Oui. Un jour, un producteur de films qui travaillait pour la BBC est venu au Cambodge, et il m’a trouvé sur Facebook, me voyant faire cette reprise de chanson en anglais. Il vient de me tendre la main, me demandant si je serais intéressé à faire de la musique pour sa série de films . Il avait déjà la musique et les paroles en anglais, mais quand je les ai eus et que j’ai commencé à chanter, il y avait quelque chose à l’intérieur qui me disait : « Oh, ce n’est pas bien. » Alors je lui ai demandé s’il accepterait que je change certaines paroles. Et c’est ainsi que j’ai commencé à écrire. Il était comme, « Whoa, fantastique. »
Vous écrivez et chantez principalement en khmer mais aussi en anglais. Voulez-vous continuer à faire les deux ? En ce qui concerne ma trilogie, j’avais l’impression que je pourrais peut-être tout écrire en khmer. Mais je pense que les choses ont changé en cours de route, parce que la première chanson que j’ai écrite est « Truth », qui m’a pris une année entière pour terminer – mais un jour, juste assis dans ma chambre, des choses ont surgi dans mon esprit, et j’ai je suis comme « Croyez en vous, trouvez votre chemin. » C’est la première ligne. C’est la première ligne qui me vient à l’esprit. Et puis je viens, vous savez, m’asseoir et commencer à écrire [“Believe”].

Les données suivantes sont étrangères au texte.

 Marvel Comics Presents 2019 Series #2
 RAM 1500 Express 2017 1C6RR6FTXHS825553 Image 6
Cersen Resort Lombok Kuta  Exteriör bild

Je peux dire qu’écrire en anglais est une expérience pour mon parcours musical, pour voir mes possibilités, voir ma capacité à faire des choses. Je prends ça juste comme une expérience car, pour l’instant, le public cambodgien a également commencé à écouter de la musique internationale, alors pourquoi pas ?

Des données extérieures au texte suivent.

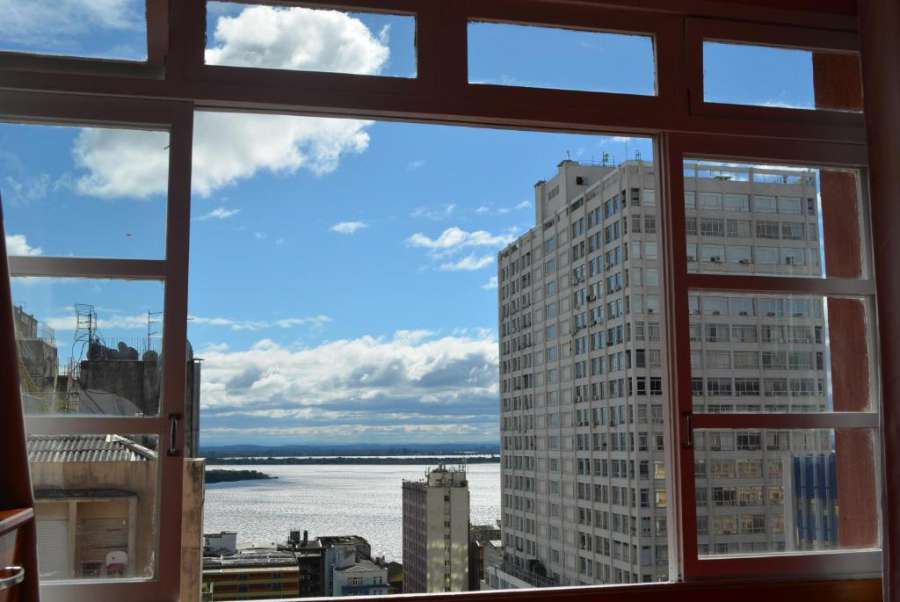 LOFT no coração de Porto Alegre.
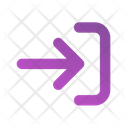 پیش‌نمایش فایل arrow-right-to-bracket-9740437 از پک رابط کاربری 2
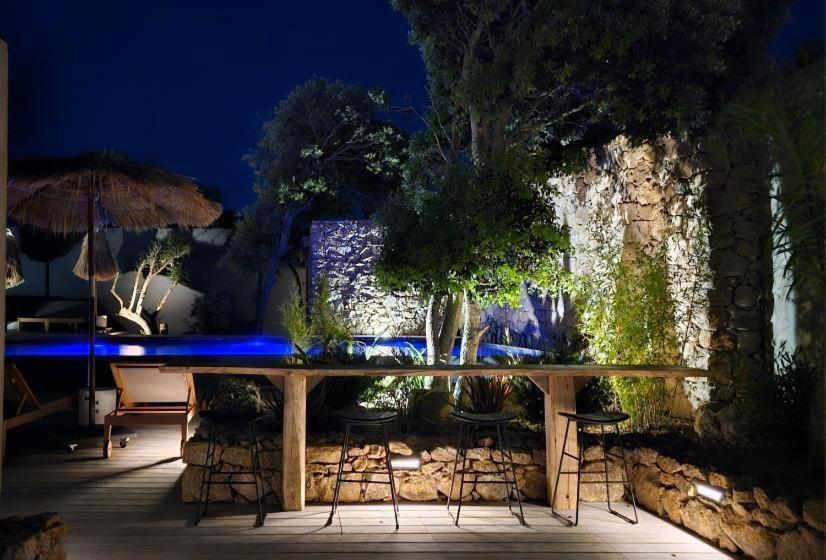 Hotel Les Suites Du Maquis Bonifacio  Kültér fotó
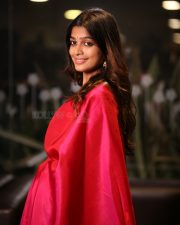 Heroine Ananthika Sanilkumar at 8 Vasantalu Pre release Event Pictures 04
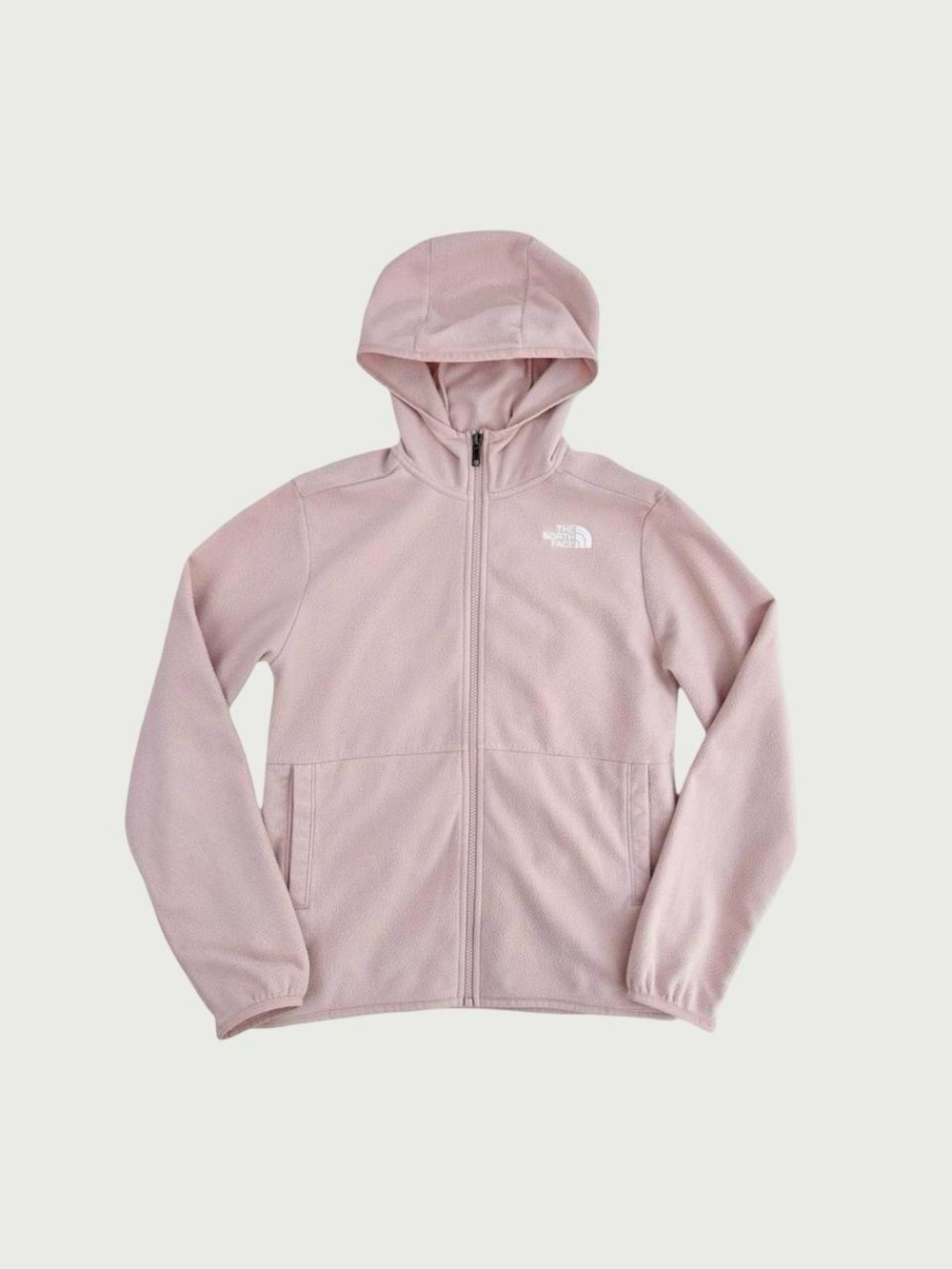 The North Face Fleece Zip Up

Et bien sûr, les chansons de ma trilogie ont des goûts différents, des ambiances différentes, des tonalités différentes. Je veux juste le montrer au public et voir ceux qu’ils aiment, ceux qu’ils n’aiment pas.
Chaque chanson de Realization est différente, mais ensemble, elles présentent une image plus large. Parlez-moi de l’ouverture, « Vérité ». Après le décès de mon père, il m’a fallu deux ans pour me remettre de cette perte, car je suis la plus jeune fille et j’étais si proche de lui. Ce fut une période très difficile pour moi, perdre un être cher pour la toute première fois de ma vie. C’est juste très dur, parce que j’ai l’impression de toujours lui parler de tout. Les bonnes choses, les mauvaises choses, j’ai tout partagé avec lui. Alors le perdre m’a fait me dire : « Oh, à partir de maintenant, à qui puis-je parler ? Avec qui puis-je partager et vers qui puis-je courir quand j’ai besoin de quelqu’un ? »
Tout comme la chanson le dit : « Faites face à la vérité ». Affronter la vérité, oui ! Mais ensuite, fin 2019, malheureusement, mon frère Sethakol est décédé. C’est à ce moment-là que je sais… qu’il est temps d’agir. Commencez à vous réveiller et à me défendre. Oui. J’ai terminé « Truth », puis « Believe » après cela. J’ai écrit « Believe » en seulement 30 minutes.